Il a été condamné à 33 ans de prison.

***

Page après page de témoignages du genre sur le site de Project Unbreakable. Des femmes, surtout. De tous les âges, de toutes origines, grandes, petites, minces, boulottes, hétéros ou pas. Des centaines de témoignages silencieux.

On sort de Project Unbreakable avec un cafard lancinant, parce qu’on ne peut pas lire ces témoignages sans se dire qu’il y a quelque chose de tordu dans le logiciel interne de l’Homme.

Mais il y a tout de même quelque chose de grand, de beau dans ces victimes qui témoignent. Et qui témoignent, bien souvent, à visage découvert de ce traumatisme qui les hante encore.
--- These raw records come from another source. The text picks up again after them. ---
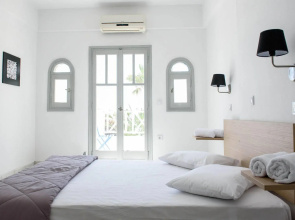 Afroditi Santorini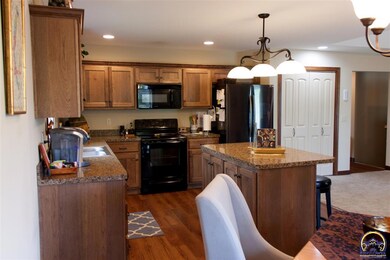 6005 SW 44th St, Topeka, KS 66610 - photo 2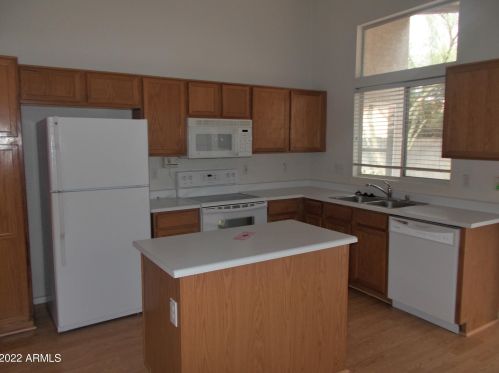 2272 Springfield Pl, Chandler AZ  85286-1231 exterior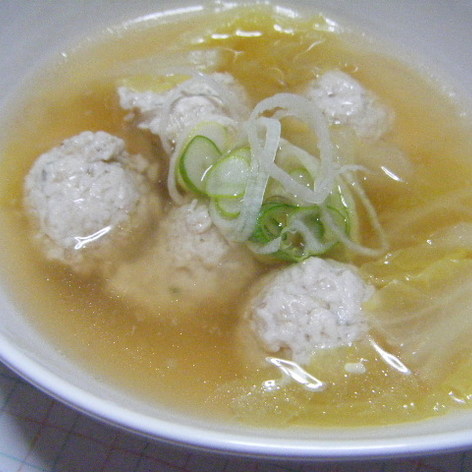 白菜とふわふわ鶏団子のスープ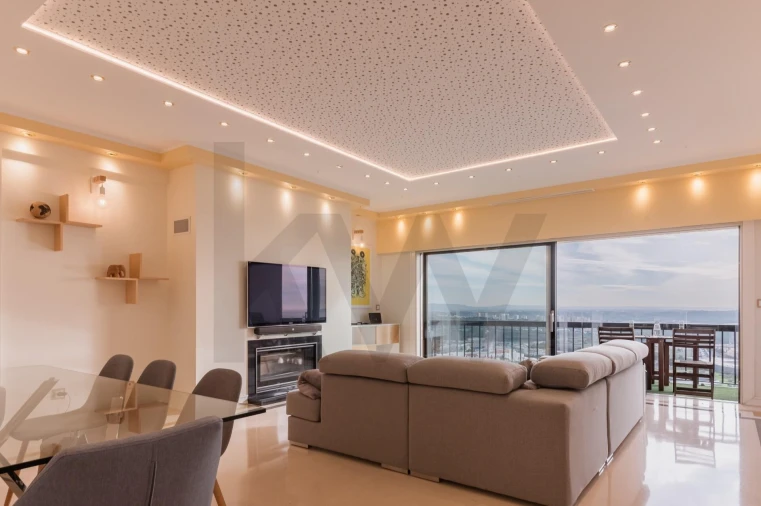 Apartamento T3 para Arrendamento em Águas Livres Foto 2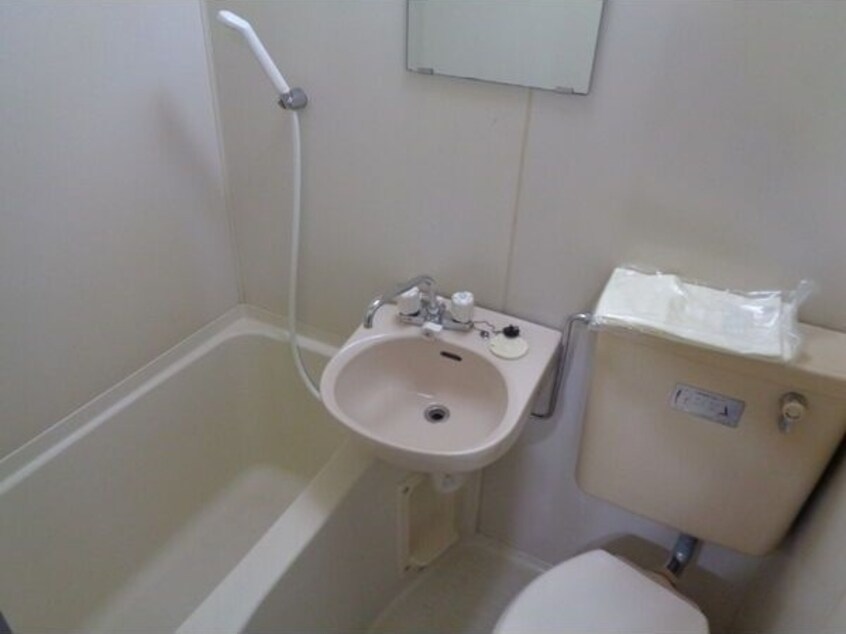 ※写真は同じマンションの違う部屋のものになります。 プリンセス栄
Le sous-titre de Project Unbreakable est « The Art of Healing », l’art de la guérison. Et en regardant les photos des victimes de Project Unbreakable, en lisant leurs témoignages, je me suis souvenu du livre du reporter français Jean-Paul Mari, Sans blessures apparentes. Habitué des zones de guerre, Mari a subi un choc post-traumatique en Irak quand, en 2003, un collègue est mort devant lui, déchiqueté par l’obus d’un blindé américain.

Ce qu’a vécu Jean-Paul Mari n’était pas un viol. Mais son choc post-traumatique s’apparente à celui que peuvent vivre les victimes d’agression sexuelle. Et dans son récit magnifique, le journaliste explore la façon dont on peut surmonter un événement traumatique. Quand j’ai interviewé Mari, il avait insisté sur l’importance de parler de l’événement traumatique. De nommer les choses. Et de les nommer encore. De nommer l’indicible, ce qui ne se dit pas.

« Parler, m’avait-il dit, c’est emprunter le chemin de la guérison. »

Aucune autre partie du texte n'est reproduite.